- Loads the **CIFAR-100** image dataset(50k train, 10k test; images are 3 * 32 * 32).
- Builds a small a neural network (an MLP with one hidden layer).
- Trains it to predict one of **100 classes**.
- **Evaluates** accuracy on the test set.
- **Saves** the trained weights to `model.ckpt`.

```
images -> numbers (tensors) -> model computes scores -> compare to correct label -> adjust model -> repeat -> test.
```

In [1]:
## Imports
import torch
import torch.nn as nn
import torchvision.transforms as transforms
from sympy import false


- `torch`: core PyTorch (tensors, GPU, autograd).
- `torch.nn as nn`: neural-network layers & losses.
- `torchvision`: ready-made datasets/models for vision.
- `transformers`: image preprocessing (convert to tensor, normalize, etc).
- `from sympy import false`: not needed here - safe to delete.

In [None]:
# Picking a compute device (CPU/NVIDIA GPU/ APPLE GPU)

In [None]:
def get_device():
    if torch.backends.mps.is_available():
        return torch.device("mps")
    if torch.cuda.is_available():
        return  torch.device("cuda")
    return torch.device("cpu")

- On Apple silicon, MPS runs on the built-in GPU.
- on PCs with NVIDIA, CUDA runs on the GPU.
- otherwise CPU.
- we must move both the model and the data to same device.

In [None]:
# 3) Defining the model (a tiny MLP)
class NeuralNet(nn.Module):
    def __init__(self, input_size, hidden_size, num_classes):
        super().__init__()
        self.fc1 = nn.Linear(input_size, hidden_size)   # weights + bias [3072 -> 500]
        self.relu = nn.ReLU()
        self.fc2 = nn.Linear(hidden_size, num_classes)  # [500 -> 100]

    def forward(self, x):
        x = x.view(x.size(0), -1)   # flatten image [B, 3, 32, 32] -> [B, 3072]
        x = self.fc1(x)     # linear transform
        x = self.relu(x)    # ReLU activation
        x = self.fc2(x)     # final logits (raw scores) for 100 classes.
        return x



- **Why flatten?** The MLP expects a 1-D vector per image (3072 numbers = 3 * 32 * 32).
- **Why ReLU?** Adds non-linearity so the model can learn complex patterns.
- **Why return logits (no softmax)?** The loss function you use (CrossEntropy) expects **raw scores** and handles softmax internally (more stable numerically).

In [None]:
# 4) main() -> set hyperparameters & data pipeline
device = get_device()
print(f"Using device: {device}")

# Hyper-parameters for CIFAR-100
input_size = 3 * 32 * 32    # 3072 number per image
hidden_size = 500
num_classes = 100
num_epochs = 5
batch_size = 128
learning_rate = 0.001



- **Hyperparameters** are knobs you choose (not learned): learning rate, batch size, etc.

In [None]:
# 5) Transforms (preprocessing)
transform = transforms.Compose(
    [
        transforms.ToTensor(),
        transforms.Normalize(
            mean=(0.5071, 0.4867, 0.4408),
            std=(0.2675, 0.2565, 0.2761)
        )
    ]
)

- `transforms.Compose([...])` = build a pipeline of steps.

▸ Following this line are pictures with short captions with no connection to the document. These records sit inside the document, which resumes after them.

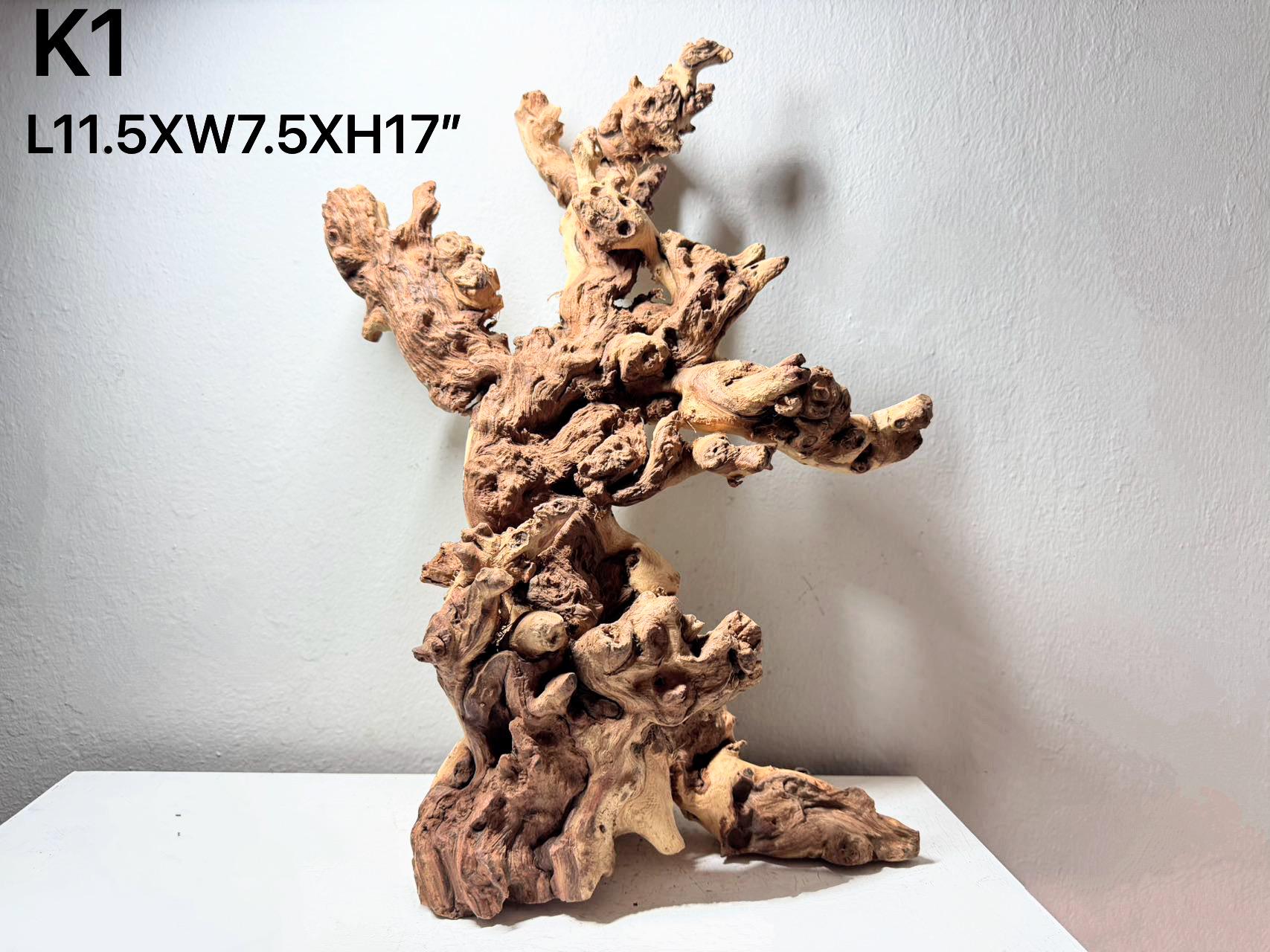 Special deal-Natural Driftwood  for Aquarium tank or Aquarium Décor /Terrarium/ Reptile/Air Plant holder/Wood Décor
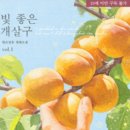 빛 좋은 개살구 이미지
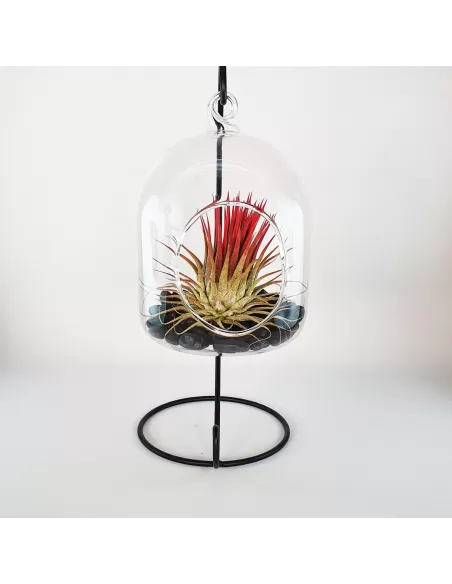 Hanging glass terrarium with metal support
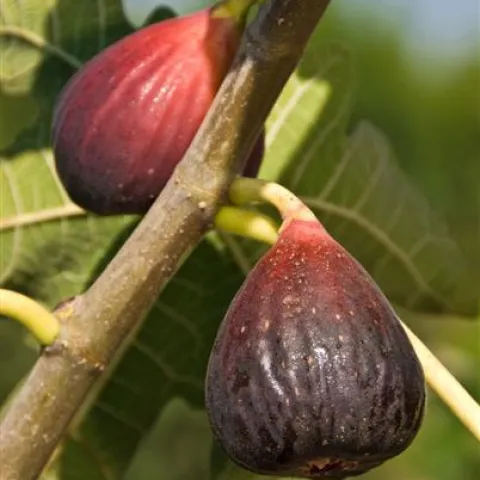 Brown Turkey Fig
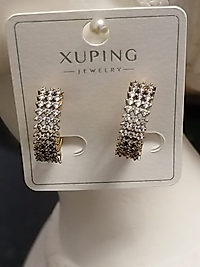 14K Gold Gümüş Taşlı Halka Küpe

Each image passes through steps in order.
- `ToTensor()`:
    - Converts a PIL image (HxWxC, 0-255 integers) -> PyTorch tensor (CxHxW, float32) with values in [0,1].
    - `Normalize(mean, std)` per channel (R, G, B):
        -  For every pixel value `x` (already in [0,1]),
                `x_norm = (x - mean[channel]) / std[channel])
        - This is standardization: **center**(subtract mean) and **scale** (divide by std).
        - Result: each channel's distribution is roughly mean ≈ 0 and std ≈ 1 over the training set.
### Why do we normalize?
- **Faster, more stable training.** Centered, similarly-scaled features make gradients behave better.
- **Help optimization**(Adam/SGD) and can improve final accuracy.
- It's a long-standing best practice for image models.

### Why these numbers (mean = (0.5071, 0.4867, 0.4408) and std= (0.2675, 0.2565, 0.2761)?
    - These are empirical channel means & stds computed on CIFAR-100 training set after `ToTensor()` (so they're in the 0-1 scale).
### tl;dr
- `Compose` builds a preprocessing pipeline.
- `ToTensor()` -> tensor in [0,1].
- `Normalize(mean, std)` -> per-channel `(x-mean)/std` using CIFAR-100's own mean/std, which speeds up and stabilized learning.